======== RECORDS FOR PROCESSING
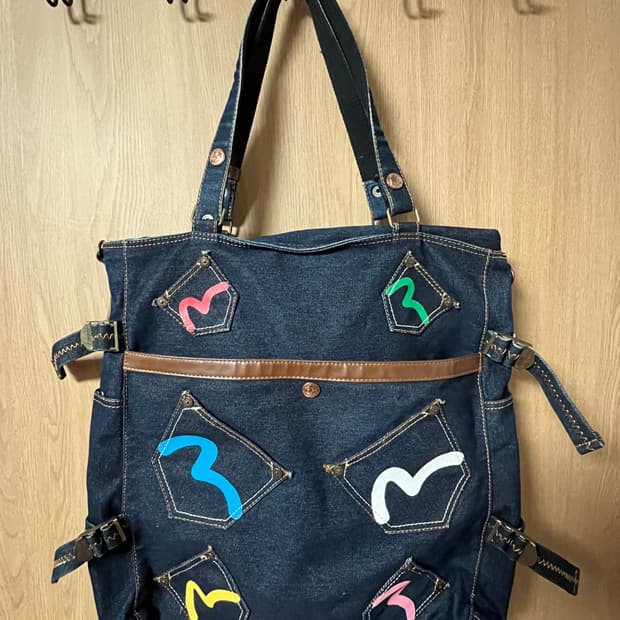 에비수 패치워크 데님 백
================
======== RECORDS FOR PROCESSING
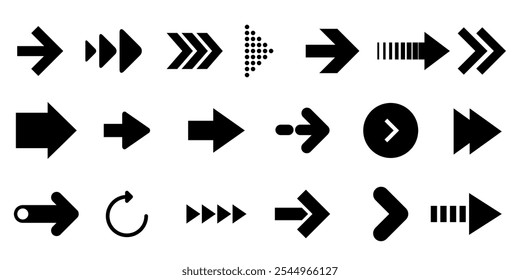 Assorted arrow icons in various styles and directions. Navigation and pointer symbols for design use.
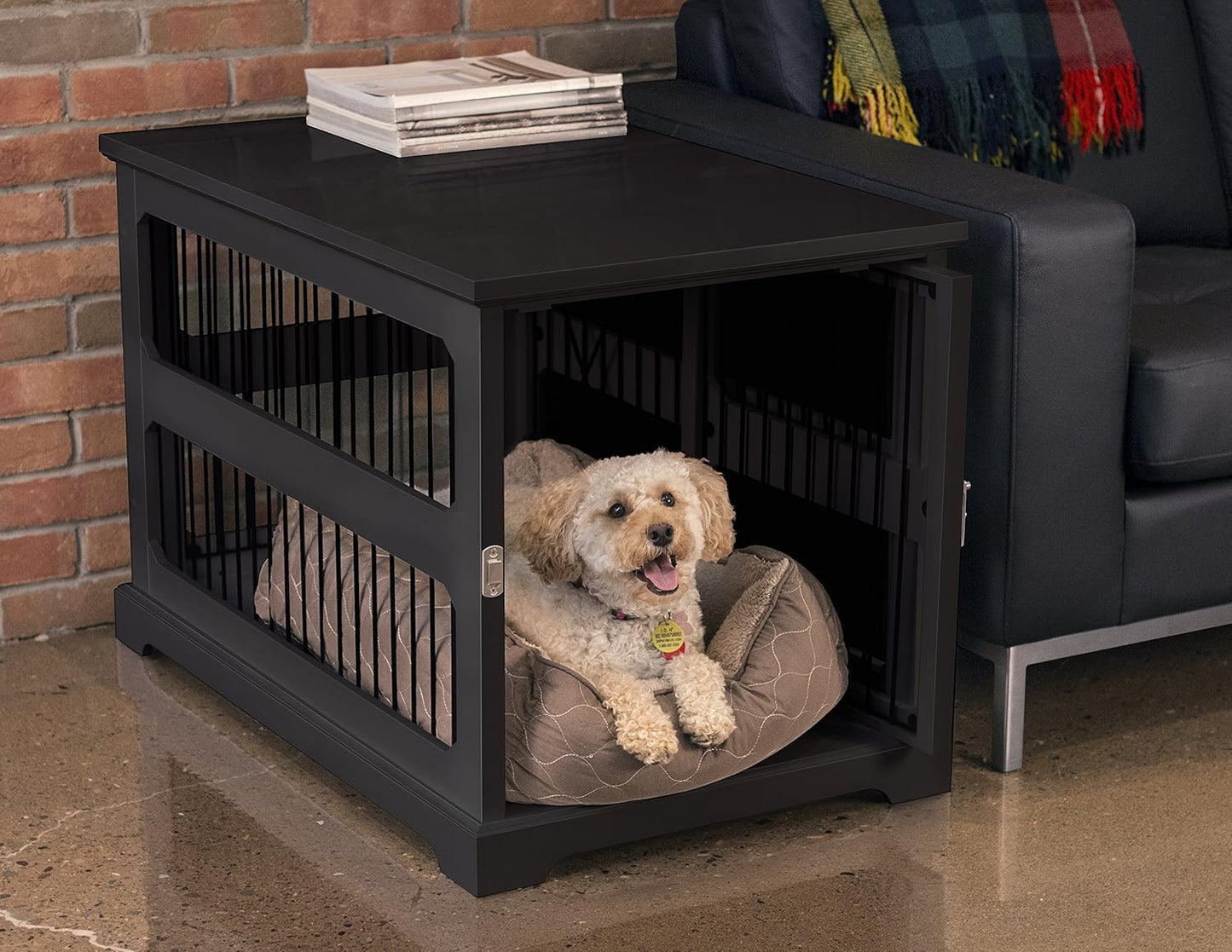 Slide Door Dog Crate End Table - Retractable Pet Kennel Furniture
================
◆ EXERCISE INSTRUCTIONS
In the listing above, find the line containing "Assorted arrow icons" and the line containing "Slide Door Dog", then output those two lines and everything between them exactly as written, without the images.

◆ RESULT OF THIS TASK
 Assorted arrow icons in various styles and directions. Navigation and pointer symbols for design use.
 Slide Door Dog Crate End Table - Retractable Pet Kennel Furniture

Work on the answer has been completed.